Diabetes Mellitus (DM) is known as mother of all diseases and is one of the most threatening ailments which. It is caused as a result of raised blood glucose due to incomplete or completely absence of insulin hormone. Diabetes is associated with a lot of disorders including high blood pressure, cardiovascular and kidney ailments and UTIs etc. Urinary Tract Infections (UTIs) is infectious disease caused by various microorganisms, prevailing in women more than men.

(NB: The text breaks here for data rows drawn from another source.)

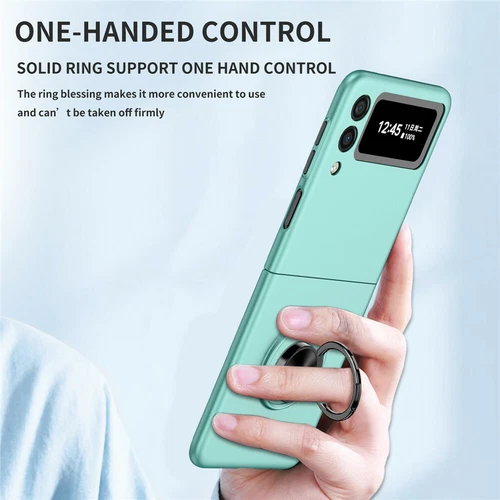 For-Samsung Galaxy Z Flip 4 3 5G Slim Matte Hard Case with Ring+Screen Protector - Picture 39 of 94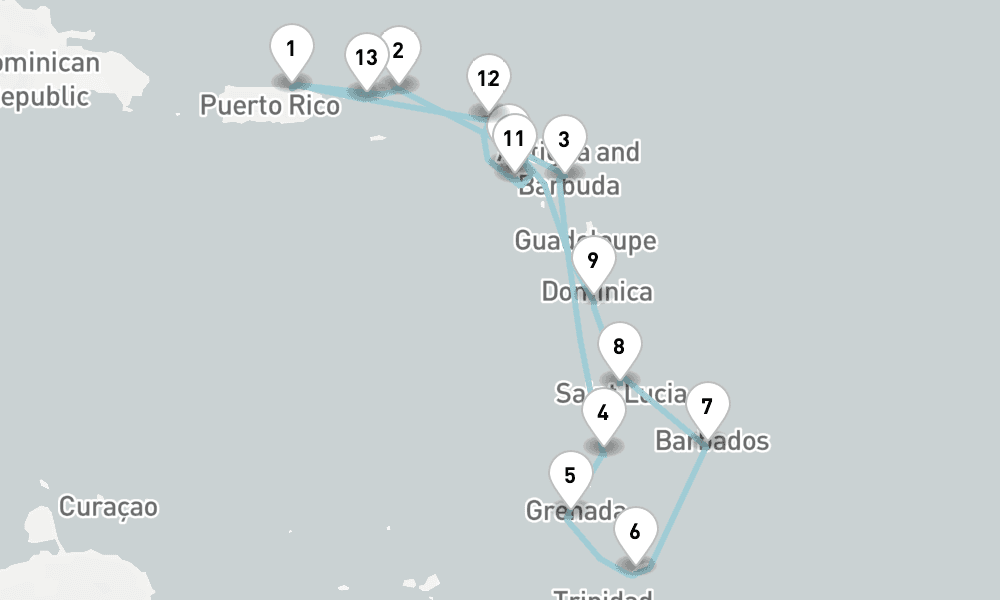 14 days, round-trip Cruise Eastern Caribbean Cruise Antigua, Grenada Saint Lucia 15日間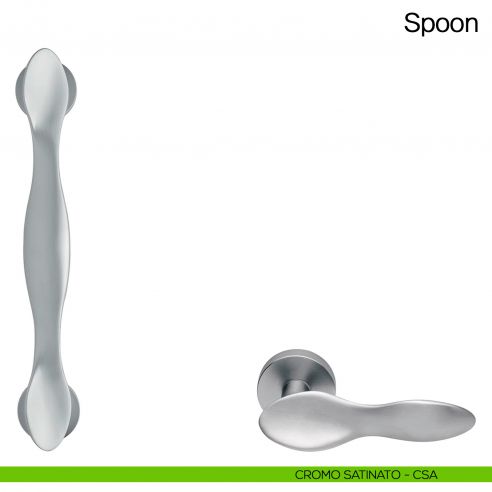 Maniglione per porta Spoon Manital con rosette - cromato satinato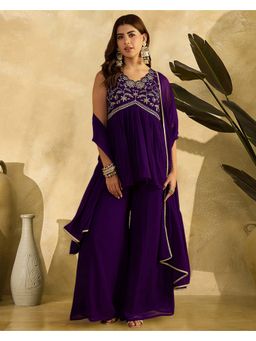 KVS FAB - Georgette Zari Sequence Purple Kurta with Palazzo and Dupatta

Approximately; 150 million individuals are diagnosed with UTI annually worldwide1,2. Causative microscopic organisms of UTI are gram negative microbes as Escherichia coli and Gram positive microorganisms as Staphylococcus aureus.
It is reported that diabetic patients have malfunction in bladder which prompt of urine accumulation in its pool which leads to favorable environment for the microbes to develop and cause UTI3,4,5. Factors which accelerate risk for UTIs in diabetics include age, metabolic control, length of time of DM, diabetic cystopathy, more regular hospitalization and instrumentation of the urinary tract, repetitive vaginitis and vascular complexities6,7. In addition, elevated level of glucose in the urine provides a suitable medium for development of pathogenic microbes. Scientists have proposed a lot of theories regarding this situation but association between diabetes and UTI has not been examined properly up till now8,9.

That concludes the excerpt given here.